Blade Element Momentum Theory Coupled with Machine Learning to Predict Wind Turbine Aerodynamic Performances

So far, the simplest aerodynamic method for wind turbine design and optimization is the Blade Element Momentum (BEM) theory. BEM method needs the lift and drag coefficients as inputs in its algorithm to predict the aerodynamic performance of wind turbine rotors. These coefficients are commonly obtained from numerical simulations or experimentally. In both cases, important time and resources are necessary. In this work, an alternative technique based on the machine learning, namely Artificial Neural Network (ANN) is used and validated. The main objective of this study is to develop and optimize an ANN architecture for predicting aerodynamic performance in general wind turbine rotors. Firstly, a parametric study including more than 2.10 E13 training data points was carried out to predict the aerodynamic coefficients of airfoils.

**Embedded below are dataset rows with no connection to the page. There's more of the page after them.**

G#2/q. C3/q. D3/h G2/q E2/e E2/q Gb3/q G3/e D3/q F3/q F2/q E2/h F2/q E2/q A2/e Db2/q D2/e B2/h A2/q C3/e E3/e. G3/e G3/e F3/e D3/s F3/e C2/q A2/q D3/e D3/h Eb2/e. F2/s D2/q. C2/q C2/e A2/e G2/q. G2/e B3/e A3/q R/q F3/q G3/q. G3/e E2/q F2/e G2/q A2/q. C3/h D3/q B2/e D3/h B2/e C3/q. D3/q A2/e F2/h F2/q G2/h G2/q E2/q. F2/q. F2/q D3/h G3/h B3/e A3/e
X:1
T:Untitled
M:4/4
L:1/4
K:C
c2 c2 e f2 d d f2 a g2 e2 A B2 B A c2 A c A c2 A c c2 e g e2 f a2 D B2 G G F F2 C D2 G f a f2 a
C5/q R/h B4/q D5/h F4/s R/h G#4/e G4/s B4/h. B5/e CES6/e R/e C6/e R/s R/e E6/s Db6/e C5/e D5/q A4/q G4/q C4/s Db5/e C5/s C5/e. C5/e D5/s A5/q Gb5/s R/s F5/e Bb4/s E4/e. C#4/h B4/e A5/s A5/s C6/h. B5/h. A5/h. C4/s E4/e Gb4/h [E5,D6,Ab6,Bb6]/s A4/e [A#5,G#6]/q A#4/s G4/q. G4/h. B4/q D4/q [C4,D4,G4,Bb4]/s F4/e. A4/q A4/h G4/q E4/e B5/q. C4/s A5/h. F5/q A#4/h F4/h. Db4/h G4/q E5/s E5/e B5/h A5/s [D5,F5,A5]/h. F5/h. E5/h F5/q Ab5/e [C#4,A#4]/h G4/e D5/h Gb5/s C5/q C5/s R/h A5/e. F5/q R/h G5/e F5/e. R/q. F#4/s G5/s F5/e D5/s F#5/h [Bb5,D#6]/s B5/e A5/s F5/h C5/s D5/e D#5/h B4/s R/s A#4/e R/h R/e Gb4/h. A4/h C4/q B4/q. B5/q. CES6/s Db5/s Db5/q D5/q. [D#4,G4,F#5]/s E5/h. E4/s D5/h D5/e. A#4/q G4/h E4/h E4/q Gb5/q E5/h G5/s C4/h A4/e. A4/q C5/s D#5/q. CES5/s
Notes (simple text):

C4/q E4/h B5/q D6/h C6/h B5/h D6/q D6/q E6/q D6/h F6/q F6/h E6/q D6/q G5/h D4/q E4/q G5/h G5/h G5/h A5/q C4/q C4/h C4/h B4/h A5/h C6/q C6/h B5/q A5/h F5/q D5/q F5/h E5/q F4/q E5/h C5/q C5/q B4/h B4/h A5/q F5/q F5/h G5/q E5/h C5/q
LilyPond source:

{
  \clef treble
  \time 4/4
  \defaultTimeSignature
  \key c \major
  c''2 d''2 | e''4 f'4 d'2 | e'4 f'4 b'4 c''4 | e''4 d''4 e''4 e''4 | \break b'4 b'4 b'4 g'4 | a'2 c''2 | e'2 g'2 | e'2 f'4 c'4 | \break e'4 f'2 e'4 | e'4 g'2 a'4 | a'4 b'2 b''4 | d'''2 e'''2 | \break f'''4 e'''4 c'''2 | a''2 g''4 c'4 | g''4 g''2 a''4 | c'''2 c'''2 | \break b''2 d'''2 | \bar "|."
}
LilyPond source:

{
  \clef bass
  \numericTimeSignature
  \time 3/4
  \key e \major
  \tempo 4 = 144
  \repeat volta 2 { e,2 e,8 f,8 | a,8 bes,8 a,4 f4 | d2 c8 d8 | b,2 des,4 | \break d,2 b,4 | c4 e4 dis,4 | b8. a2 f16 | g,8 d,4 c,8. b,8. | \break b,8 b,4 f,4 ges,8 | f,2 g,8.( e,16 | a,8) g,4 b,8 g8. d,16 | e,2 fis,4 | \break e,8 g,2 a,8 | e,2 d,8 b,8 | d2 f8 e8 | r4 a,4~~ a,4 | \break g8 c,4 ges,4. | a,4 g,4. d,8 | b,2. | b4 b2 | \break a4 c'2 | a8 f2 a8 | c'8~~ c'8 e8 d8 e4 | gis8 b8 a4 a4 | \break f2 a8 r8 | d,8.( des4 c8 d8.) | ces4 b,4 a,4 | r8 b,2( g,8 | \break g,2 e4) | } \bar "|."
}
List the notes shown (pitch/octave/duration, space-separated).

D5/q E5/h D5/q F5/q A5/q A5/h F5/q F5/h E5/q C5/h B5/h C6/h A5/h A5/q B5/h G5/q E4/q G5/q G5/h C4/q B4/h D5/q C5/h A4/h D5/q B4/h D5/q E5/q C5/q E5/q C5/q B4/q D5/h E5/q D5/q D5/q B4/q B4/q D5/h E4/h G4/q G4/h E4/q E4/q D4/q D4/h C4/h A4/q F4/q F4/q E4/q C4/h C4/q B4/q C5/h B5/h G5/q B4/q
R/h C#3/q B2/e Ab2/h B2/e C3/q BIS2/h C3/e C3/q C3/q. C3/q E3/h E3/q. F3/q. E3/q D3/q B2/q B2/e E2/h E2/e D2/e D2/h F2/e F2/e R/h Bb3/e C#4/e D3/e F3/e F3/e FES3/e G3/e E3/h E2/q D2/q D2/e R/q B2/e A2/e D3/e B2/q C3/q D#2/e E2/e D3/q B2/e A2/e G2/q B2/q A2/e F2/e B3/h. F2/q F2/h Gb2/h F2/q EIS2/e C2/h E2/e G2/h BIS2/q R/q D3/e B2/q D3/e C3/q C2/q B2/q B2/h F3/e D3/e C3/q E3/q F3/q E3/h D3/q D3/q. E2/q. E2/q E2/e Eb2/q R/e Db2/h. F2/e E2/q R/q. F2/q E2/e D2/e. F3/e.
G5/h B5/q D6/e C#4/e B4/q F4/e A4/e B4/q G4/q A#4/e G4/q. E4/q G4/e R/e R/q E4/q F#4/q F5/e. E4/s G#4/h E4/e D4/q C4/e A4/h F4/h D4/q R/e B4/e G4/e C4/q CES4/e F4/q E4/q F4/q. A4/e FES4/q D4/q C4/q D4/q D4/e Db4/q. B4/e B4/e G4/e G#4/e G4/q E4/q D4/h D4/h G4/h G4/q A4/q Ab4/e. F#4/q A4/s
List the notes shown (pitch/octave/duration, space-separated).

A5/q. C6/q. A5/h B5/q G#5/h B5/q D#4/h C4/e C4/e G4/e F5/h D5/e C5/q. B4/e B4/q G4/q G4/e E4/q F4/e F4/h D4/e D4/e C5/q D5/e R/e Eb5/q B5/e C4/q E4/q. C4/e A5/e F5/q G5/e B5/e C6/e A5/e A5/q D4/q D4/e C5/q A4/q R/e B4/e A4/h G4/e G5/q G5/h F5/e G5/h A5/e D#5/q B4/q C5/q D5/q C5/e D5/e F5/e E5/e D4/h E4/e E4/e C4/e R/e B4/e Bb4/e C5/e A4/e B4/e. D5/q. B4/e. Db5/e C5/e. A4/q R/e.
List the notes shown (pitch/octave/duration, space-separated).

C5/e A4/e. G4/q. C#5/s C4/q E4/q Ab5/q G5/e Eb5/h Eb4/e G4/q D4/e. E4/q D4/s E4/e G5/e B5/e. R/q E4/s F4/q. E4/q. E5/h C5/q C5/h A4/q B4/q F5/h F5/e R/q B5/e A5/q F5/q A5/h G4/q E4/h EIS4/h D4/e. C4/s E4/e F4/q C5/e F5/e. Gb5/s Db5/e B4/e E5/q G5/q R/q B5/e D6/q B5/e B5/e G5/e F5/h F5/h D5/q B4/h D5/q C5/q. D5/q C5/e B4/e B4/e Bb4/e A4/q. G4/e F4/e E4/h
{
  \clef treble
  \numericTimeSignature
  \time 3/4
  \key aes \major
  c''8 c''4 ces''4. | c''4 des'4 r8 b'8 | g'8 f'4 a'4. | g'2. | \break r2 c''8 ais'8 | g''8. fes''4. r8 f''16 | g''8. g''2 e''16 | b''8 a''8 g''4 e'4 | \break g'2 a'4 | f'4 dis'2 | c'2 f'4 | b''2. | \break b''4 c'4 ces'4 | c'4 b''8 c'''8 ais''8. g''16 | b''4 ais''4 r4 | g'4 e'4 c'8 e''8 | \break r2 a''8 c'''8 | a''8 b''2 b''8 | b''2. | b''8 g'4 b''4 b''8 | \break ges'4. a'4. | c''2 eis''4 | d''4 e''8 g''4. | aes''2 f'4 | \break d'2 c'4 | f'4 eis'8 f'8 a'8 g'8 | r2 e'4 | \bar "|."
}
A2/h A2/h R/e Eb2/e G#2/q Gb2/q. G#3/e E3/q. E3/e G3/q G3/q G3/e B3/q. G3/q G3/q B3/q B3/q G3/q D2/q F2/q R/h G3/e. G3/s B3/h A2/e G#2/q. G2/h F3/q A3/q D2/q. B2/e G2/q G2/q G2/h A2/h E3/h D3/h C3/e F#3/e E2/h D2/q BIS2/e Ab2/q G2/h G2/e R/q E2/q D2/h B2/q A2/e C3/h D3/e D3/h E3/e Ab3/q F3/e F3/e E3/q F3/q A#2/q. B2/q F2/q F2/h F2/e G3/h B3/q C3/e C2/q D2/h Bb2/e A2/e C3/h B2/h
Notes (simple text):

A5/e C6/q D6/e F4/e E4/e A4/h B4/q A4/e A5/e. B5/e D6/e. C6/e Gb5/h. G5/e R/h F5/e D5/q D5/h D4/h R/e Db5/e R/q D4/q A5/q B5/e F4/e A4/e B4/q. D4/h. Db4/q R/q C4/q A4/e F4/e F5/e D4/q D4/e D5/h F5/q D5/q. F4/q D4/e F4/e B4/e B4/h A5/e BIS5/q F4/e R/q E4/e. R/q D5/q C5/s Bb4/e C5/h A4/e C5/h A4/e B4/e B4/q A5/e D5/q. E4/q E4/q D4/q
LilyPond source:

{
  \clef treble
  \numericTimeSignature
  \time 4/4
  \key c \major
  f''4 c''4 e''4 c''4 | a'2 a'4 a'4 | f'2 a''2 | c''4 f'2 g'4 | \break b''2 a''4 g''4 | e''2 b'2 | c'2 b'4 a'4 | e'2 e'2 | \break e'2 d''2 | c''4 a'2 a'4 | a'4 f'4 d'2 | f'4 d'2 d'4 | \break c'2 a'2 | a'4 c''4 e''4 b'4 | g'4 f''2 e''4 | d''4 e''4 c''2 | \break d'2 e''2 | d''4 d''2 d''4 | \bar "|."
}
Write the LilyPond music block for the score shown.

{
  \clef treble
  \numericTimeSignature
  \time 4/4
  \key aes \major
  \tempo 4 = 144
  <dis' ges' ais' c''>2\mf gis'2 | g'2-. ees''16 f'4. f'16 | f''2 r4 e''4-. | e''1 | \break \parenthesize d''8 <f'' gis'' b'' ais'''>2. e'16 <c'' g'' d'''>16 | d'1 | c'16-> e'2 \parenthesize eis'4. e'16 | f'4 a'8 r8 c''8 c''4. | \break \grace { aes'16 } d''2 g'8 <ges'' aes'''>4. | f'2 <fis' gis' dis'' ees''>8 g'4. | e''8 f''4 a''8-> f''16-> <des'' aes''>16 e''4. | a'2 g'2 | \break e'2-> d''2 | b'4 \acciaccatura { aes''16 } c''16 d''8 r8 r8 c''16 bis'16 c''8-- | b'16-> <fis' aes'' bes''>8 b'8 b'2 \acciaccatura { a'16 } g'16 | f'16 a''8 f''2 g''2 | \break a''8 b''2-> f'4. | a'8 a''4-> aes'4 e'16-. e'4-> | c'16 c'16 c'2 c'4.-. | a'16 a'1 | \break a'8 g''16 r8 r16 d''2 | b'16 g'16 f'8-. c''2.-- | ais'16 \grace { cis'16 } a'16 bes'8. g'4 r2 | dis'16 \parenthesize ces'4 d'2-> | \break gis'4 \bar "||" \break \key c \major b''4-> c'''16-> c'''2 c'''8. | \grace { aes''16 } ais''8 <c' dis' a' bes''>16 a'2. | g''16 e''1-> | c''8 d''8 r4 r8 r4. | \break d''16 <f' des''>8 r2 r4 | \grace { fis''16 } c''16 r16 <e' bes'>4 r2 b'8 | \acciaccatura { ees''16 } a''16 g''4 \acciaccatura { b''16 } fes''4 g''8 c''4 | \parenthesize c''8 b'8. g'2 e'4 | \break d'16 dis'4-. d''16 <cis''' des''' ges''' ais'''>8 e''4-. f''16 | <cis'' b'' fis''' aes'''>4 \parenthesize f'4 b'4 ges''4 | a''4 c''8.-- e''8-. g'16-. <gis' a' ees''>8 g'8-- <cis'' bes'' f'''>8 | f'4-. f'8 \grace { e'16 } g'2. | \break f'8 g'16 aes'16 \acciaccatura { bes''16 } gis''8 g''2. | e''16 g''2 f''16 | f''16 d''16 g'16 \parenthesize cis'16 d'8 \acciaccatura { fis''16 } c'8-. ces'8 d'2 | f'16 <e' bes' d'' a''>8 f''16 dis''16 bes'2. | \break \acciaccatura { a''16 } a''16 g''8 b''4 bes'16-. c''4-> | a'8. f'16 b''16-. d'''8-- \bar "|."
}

This parametric study takes into account many ANN features such as the number of needed hidden layers, the number of neurons in each layer, the impact of activation functions, the impact of input models, and the learning techniques. After that, the optimized ANN model has been coupled with the classical BEM algorithm to predict the aerodynamic performance of wind turbine rotors, specially in cases where airfoil data is not available. Finally, it has been shown that this coupled BEM-ANN approach provides accurate results in a very short time. Consequently, this technique can be considered as a powerful tool and a fast model to predict the wind turbines performance.